Close reading, at corpus scale.

Does the document talk about a topic — and does it talk about it in the right place? Document Lens turns a folder of PDFs, a keyword list, and the axes you care about into coverage heatmaps, scores, trend lines, and concordances. Built for researchers studying corporate disclosure; at home in any keyword-driven study of unstructured text.

Local-first. Your documents and every analysis live in SQLite on this device.

The analysis workflow

01

Import & Analyze

Import PDFs and run document-level analysis: readability, writing quality, word frequency. A shared library means each document is processed once, reused everywhere.

02

Keyword Search

Search your framework terms across every document at once. Taxonomy hierarchies give you tier-level analysis; polarity separates genuine delivery from performative language.

03

N-gram Discovery

Find the two- and three-word phrases the corpus actually uses, so the vocabulary you search for is the vocabulary that's there — not just the one you started with.

04

Visualize

Generate charts comparing keyword usage, trends, and document coverage — then export the tables and figures straight into your paper.
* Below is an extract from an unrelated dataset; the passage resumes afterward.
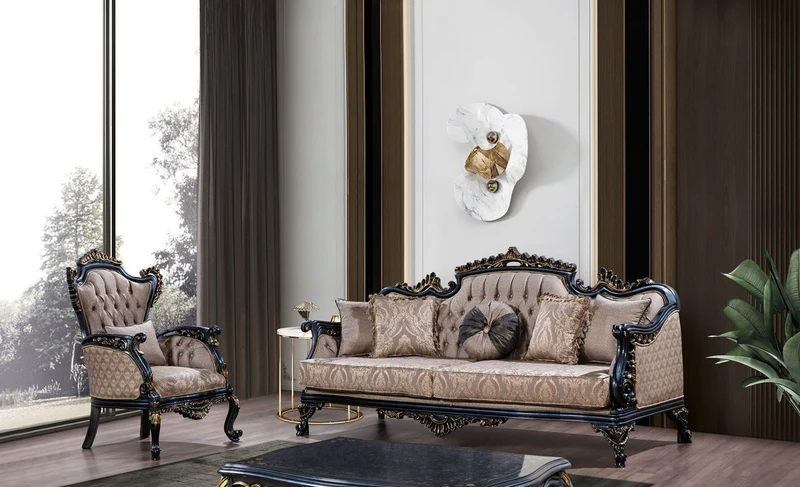 Casa Padrino Luxus Barock Sofa Grau / Blau / Gold - Barockstil Wohnzimmer Sofa mit elegantem Muster - Luxus Wohnzimmer Möbel im Barockstil - Barock Möbel - Barock Einrichtung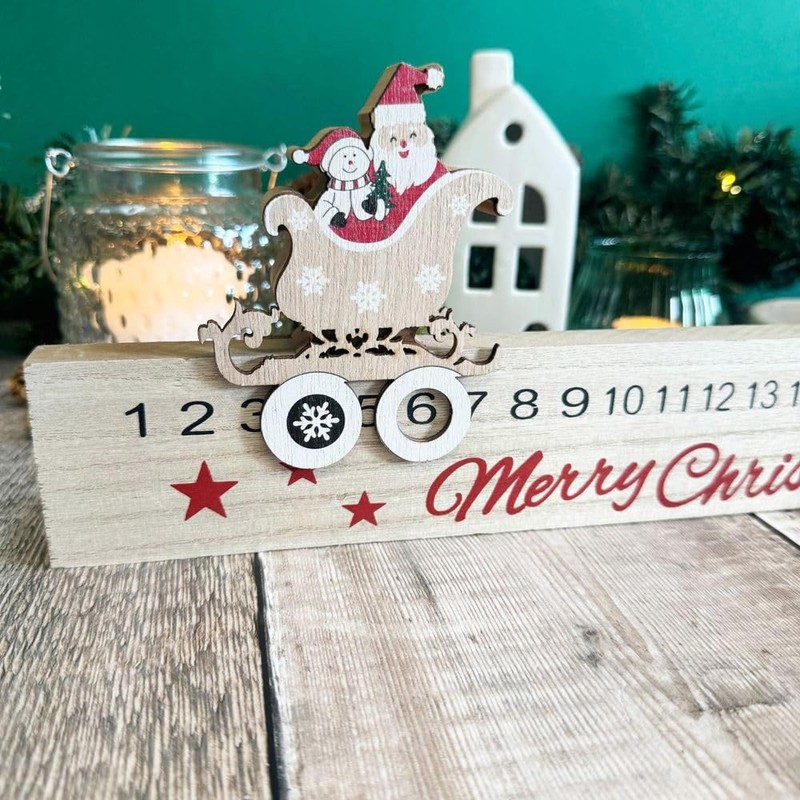 Santa Advent Countdown Slider, Wooden Christmas Countdown, Father Christmas Ruler,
Nine workflows over one project

Measure

Coverage heatmaps for every keyword × document pair. A single Wedding Cake score per report when you need one number, year-over-year tracking when you need the trend, and rankings when you need the comparison.

Interrogate

Audit whether each keyword is used in the right context — anomalies and confirmations side by side. Then open the concordance and read what the document actually says, with the PDF right alongside.

Map

Cross two axes — SDG × Function, Pillar × section, any pair you define — and see how each document distributes its attention. Talking about a topic is one thing; talking about it in the right place is the finding.

Local-first, by design

Research corpora are often confidential, embargoed, or simply yours. Document Lens is built so your documents and your analysis never leave your machine.

For disclosure researchers

The original use case: sustainability reporting in university annual reports. Keyword polarity supports both narratives from one list — terms that signal delivery, and counter-terms that signal greenwashing — with the Wedding Cake score grounding it all in the SDG model.

For any keyword-driven study

Policy documents, curricula, submissions, transcripts — if you have a corpus, a framework, and a question about who says what, where, the same projects, axes, and scoring rules apply. Bring your own taxonomy.